Forms of Life in the Kindergarten Manuals

Froebel’s original conception of the paperfolding occupations seem to have been that they should be quite limited in their scope. All the occupations had a specific purpose. They were not general activities to provide interest for children in the kindergarten classroom, but activities intended to allow the child to acquire specific pieces of knowledge.

In practice, however, over the years, the original ideas and material for these occupations became vastly expanded. This seems to have happened in two ways.
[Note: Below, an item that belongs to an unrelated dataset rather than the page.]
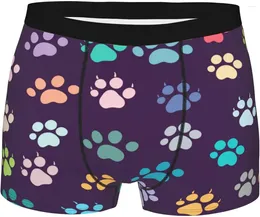 Underpants Men's Underwear Soft Boxer Briefs Stretch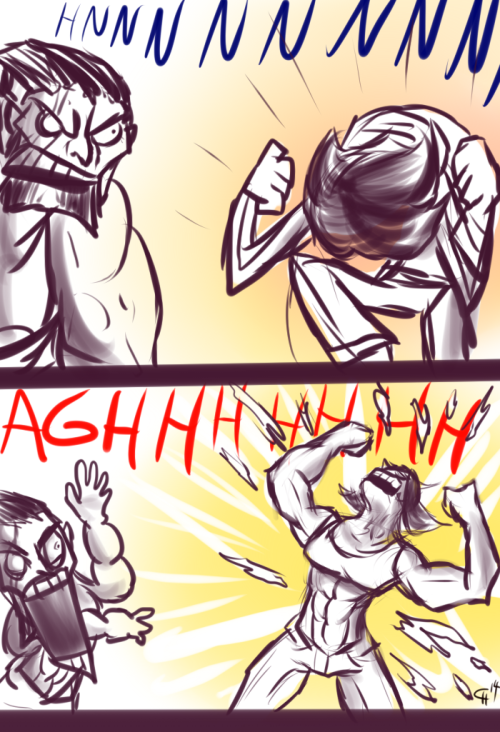 screamingwilhelm:  ATHENA IS VICTORIOUS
Firstly, children (and their teachers) were actively encouraged to experiment. Froebelian occupations were not (at least at first) a sterile reproduction of existing designs (although that did tend to be the effect the manuals had). New designs were invented and shared and became part of the repertoire. Old designs fell out of fashion and favour. We have already seen that this happened, for instance, with the Pig.

Secondly, designs were absorbed into the Froebelian repertoire from outside. For instance, 'De Kleine Papierwerkers 1' by Elise Van Calcar, published in 1863, which we have already met, includes illustration or mention of the Talking Fish, the Waterbomb, the Bellows, the Paper Banger, the Puzzle Purse and the Pipe Cap, none of which are developed from Froebel’s groundforms. The first four appear here in the historical record for the first time, so could conceivably have been recently invented within the kindergarten context (though I find that unlikely), but there is definitive evidence that the last two were already known and so have been imported into the Froebelian repertoire from outside. There are many other instances where we can similarly show that existing paperfolding designs were incorporated into the Froebelian repertoire. (Something which also happened in Japan.)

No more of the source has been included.